Virginia Woolf submitted an article to Tit-Bits at the age of eight. It was rejected. The experience might have hurt her. With her sister Vanessa and brother Thoby she had built an imaginary world in their family newspaper, the Hyde Park Gate News, modelled upon Tit-Bits. Writing as an adult about George Eliot she said: ‘She is as easy to read as Tit-Bits.’ In Flush, her imaginative biography of Elizabeth Barrett Browning’s dog, she used the common noun: ‘They tempted him with caresses; they offered him titbits; but it was useless.’
There was nothing rude about Tit-Bits (beginning in 1881 as Tit-Bits from all the interesting Books and Newspapers of the World, and becoming the unhyphenated Titbits only in 1973 and closing in 1984), or about the common word titbits.
Kingsley Amis, in a letter to The Spectator in 1995, attributed to ‘fastidiousness’ the rise of tidbit in preference to titbit (which would make it like cockerel or rooster displacing cock in British English). In the Lindisfarne Gospels the word ubera in Luke 11: 27 was glossed in the 10th century as tha titto. But the use in Britain of tit in the sense of a ‘woman’s breast’ saw a gap between the 14th and the 20th century. It was recoined only in the late 19th century in America. So early British readers of Tit-Bits would not have been reminded of breasts when reading the title.

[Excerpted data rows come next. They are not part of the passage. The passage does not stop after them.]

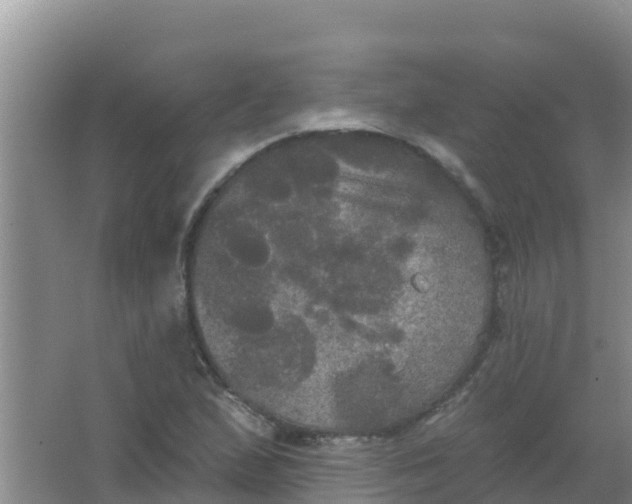 X0000066931167200604071839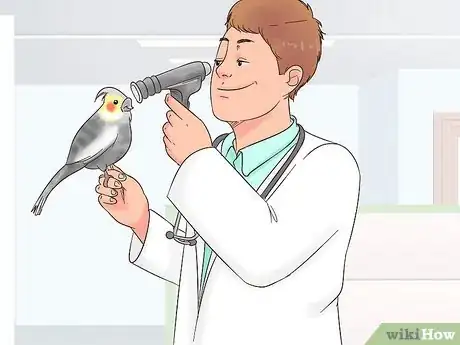 Imagen titulada Treat Conjunctivitis in Cockatiels Step 1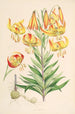 Lilium superbum - Walter Hood Fitch — näkymä teoksesta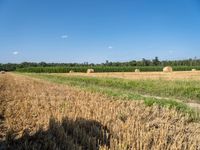 hay bales and trees in a field with blue skies behind them near the wheat field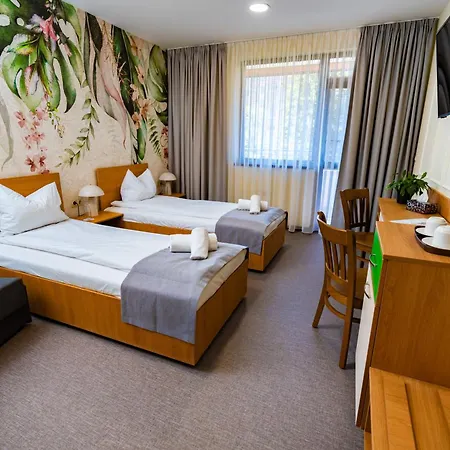 Hotell Sveti Vasilii Veliki 4*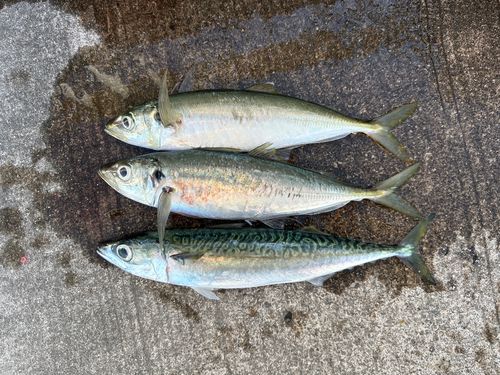 マルアジの釣果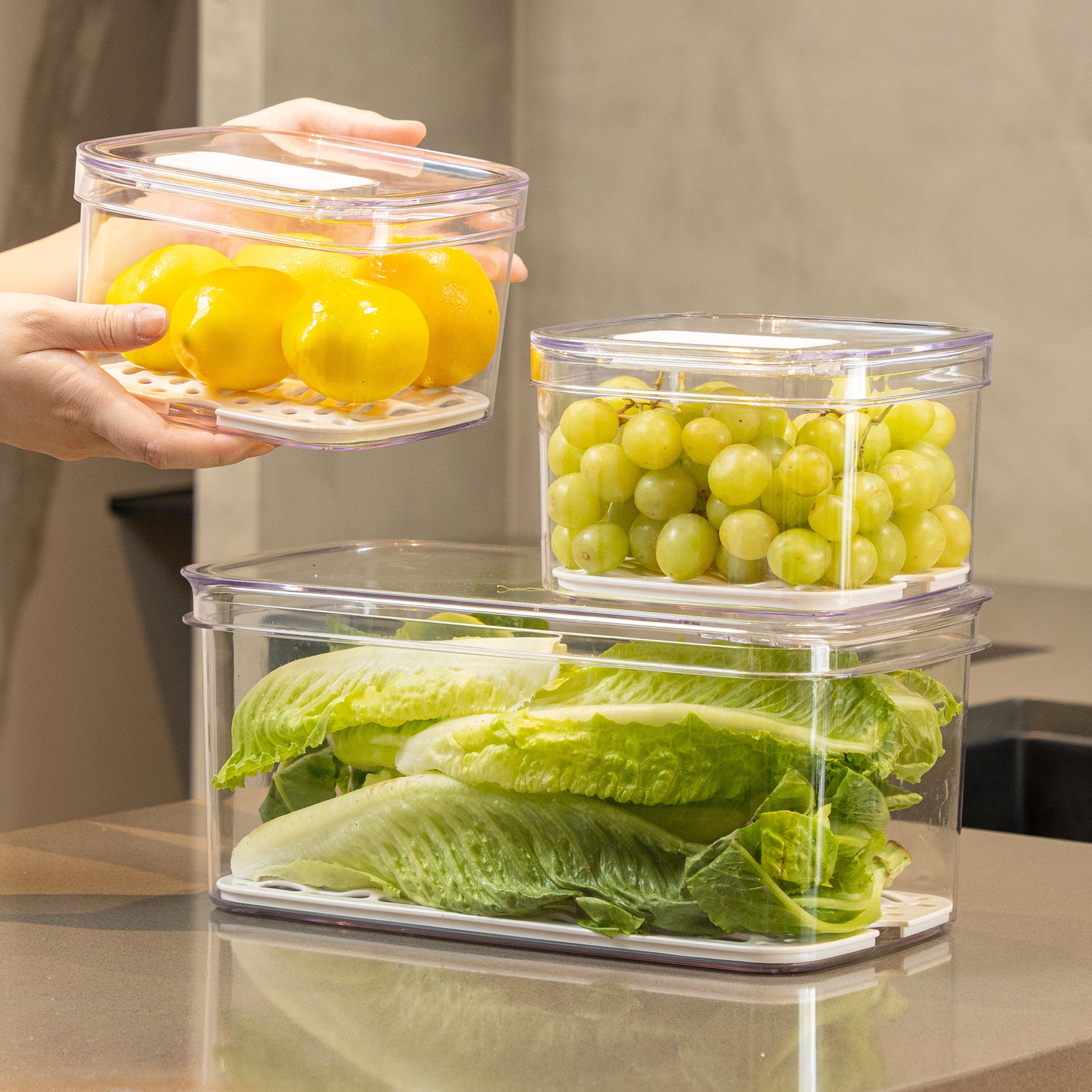 Felli Fresh Longer Veggie Keeper for Fridge Storage Variety Set 3pk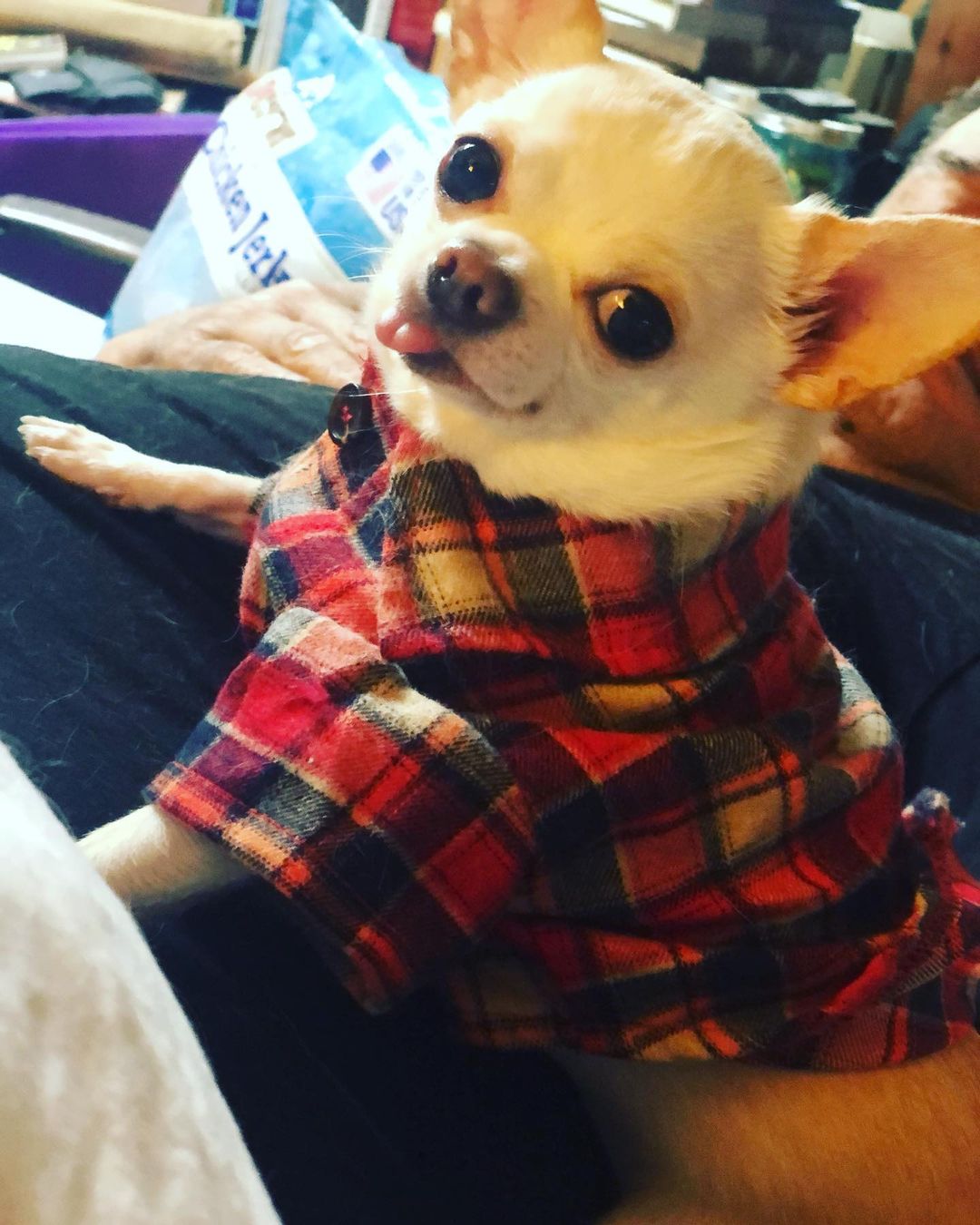 perro con camiseta genial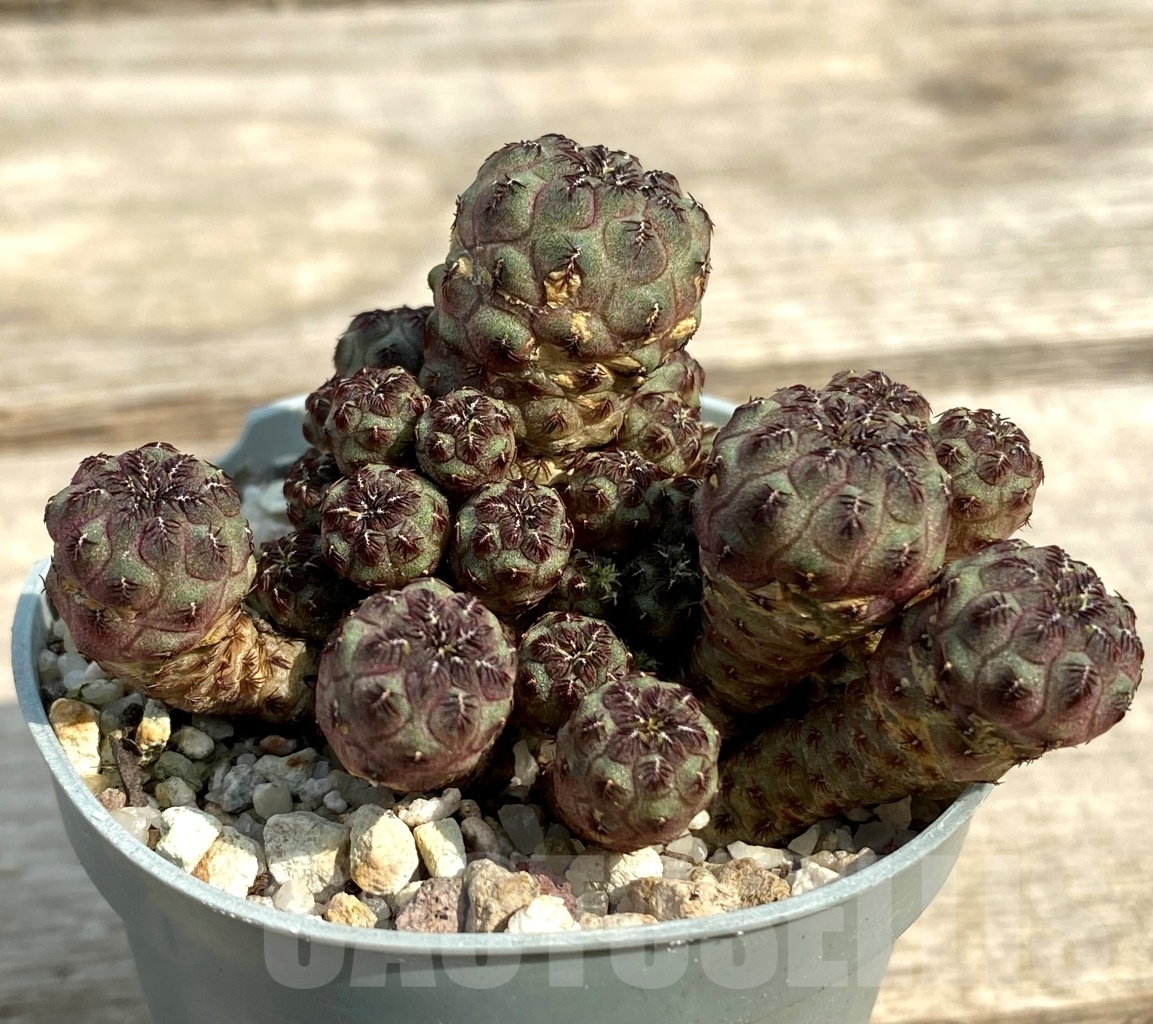 SHPR12857 Sulcorebutia rauschii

Kit McMahon, the Bank of England man, replied to Amis’s letter, saying that tidbit was the older form of the word, being cited from 1640 by the Oxford English Dictionary, compared with a date of 1694 for titbit. But I’m afraid Sir Kit was using an out-of-date edition of the OED, which currently gives quotations for both forms from 1641. No one really knows the origin of titbit/tidbit, but it has nothing to do with tits or the titmouse (originally a mose, and acquiring the plural titmice only after it had been transformed by folk etymology to titmouse).